Having direct access to your database is really useful during development. Here are two ways you can interact with your Postgres database.

Start a psql console by running the following command from your host computer:

docker-compose exec db psql -U postgres postgres

This will start a command line interface to Postgres. With this. you can issue SQL statements directly to the database server. This command uses the exec docker command, which differs slightly from run. When commands are executed with exec they do not start up a separate container process, but instead run within the context of an already running contianer. This allows the psql command to connect to the socket file that the actual Postgres server is running on in its container.
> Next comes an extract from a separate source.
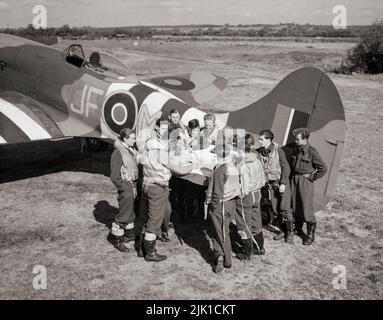 Eine Pilotbesprechung zum Aufzug eines Hawker Tempest Mark V, „JF-M“ in Newchurch, Kent, vor einem Sweep über das Caen-Gebiet. Die Hawker Tempest war ein britisches Kampfflugzeug, das von der Royal Air Force (RAF) ab 1944 im Zweiten Weltkrieg eingesetzt wurde. Es war das schnellste einmotorige Propellerflugzeug des Krieges in geringer Höhe. Es führte Low-Level-Abfangen durch, insbesondere gegen die Bedrohung durch die fliegende Bombe V-1, und Bodenangriffe auf die Eisenbahninfrastruktur in Deutschland und Flugzeuge der Luftwaffe am Boden Stockfoto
If you get an error saying that a container cannot be found:

ERROR: No container found for db_1

That means you need to start at least the db service by running:

docker-compose up db

When the db container starts up, it will create the database and a user postgres with the password specified, postgres.

If you use GUI tools to interact with databases, the db service will need a bit more configuration. Since the database server is running in the context of a container, your GUI tool isn’t exactly able to see it directly. To facilitate a connection, add the following configuration to your docker-compose.yml file:

    db:
      image: postgres
      environment:
        - POSTGRES_PASSWORD=postgres
+     ports:
        - 15432:5432
      volumes:
        - /var/lib/postgresql/data

By default, Postgres runs on port 5432. This means that an application may connect to Postgres on that port number. However, Docker containers run within their own isolated network infrastructure. By defining a host port in the docker-compose.yml file, you are telling Docker to “bind” the db container’s port of 5432, to the host port of 15432. Now with your GUI tool, you can connect to your localhost on port 15432.

Connecting from Rails

Now that you have a Postgres database running, you can configure Rails to use it as the database. For the purposes of demonstration, connect to the db under the development environment. This is accomplished by modifying your config/database.yml file in your Rails project directory. Look for the development entry and modify it as follows:

development:
  adapter: postgresql
  host: db
  username: postgres
  password: postgres

The host db maps to the db service defined in docker-compose.yml. The neat thing here is that docker-compose has it’s own internal DNS system which you can use to refer to anywhere in the context of a container.

Adding Redis

Adding a Redis instance to your architecture follows much of the same path. Do this by adding the following changes to docker-compose.yml:

  redis:
    image: redis
    ports:
      - 16379:6379

Start the redis service with the docker-compose command:

docker-compose up redis

This will start the redis server binding the container to ports 16379 on the host machine.

Interacting with Redis

Now you can also start interacting with Redis using tools you are already familiar with. If you have any GUI tools, you can connect to your local port of 16379. If you want to open a comand line redis prompt, use the following:

docker-compose run --rm redis redis-cli -h redis

This docker command issues a new redis container and starts the redis-cli command line tool, passing the host argument -h redis. You’ll notice that this host matches the name of the service defined in your docker-compose.yml file. Docker compose provides this internal host name lookup as part of its networking infrastructure. So anytime you need to refer to one of your services within your system, you can use its service name.

Connecting from Rails

Similar to Postgres, you may need some sort of configuration in Rails to connect to Redis. Depending on your specific need, this differs. Most uses of Redis just requires the use of a REDIS_URL environment variable. In these cases, you can add this as part of your docker-compose.yml file:

  app:
    environment:
      - REDIS_URL=redis://redis:6379

You’ll notice that this URL is made up of the redis hostname, as well as the port 6379 as configured in the redis service.

Adding Nginx

An integral part to any web application is going to be the web server. Although the default web server shipped with Rails, Puma, can handle web requests on it’s own, it’s often not enough with any real world load. A dedicated web server helps queue web requests as they arrive so that they can be processed by your Rails application. These web servers are made to handle high loads and effectively manage the amount of traffic that gets processed by Rails.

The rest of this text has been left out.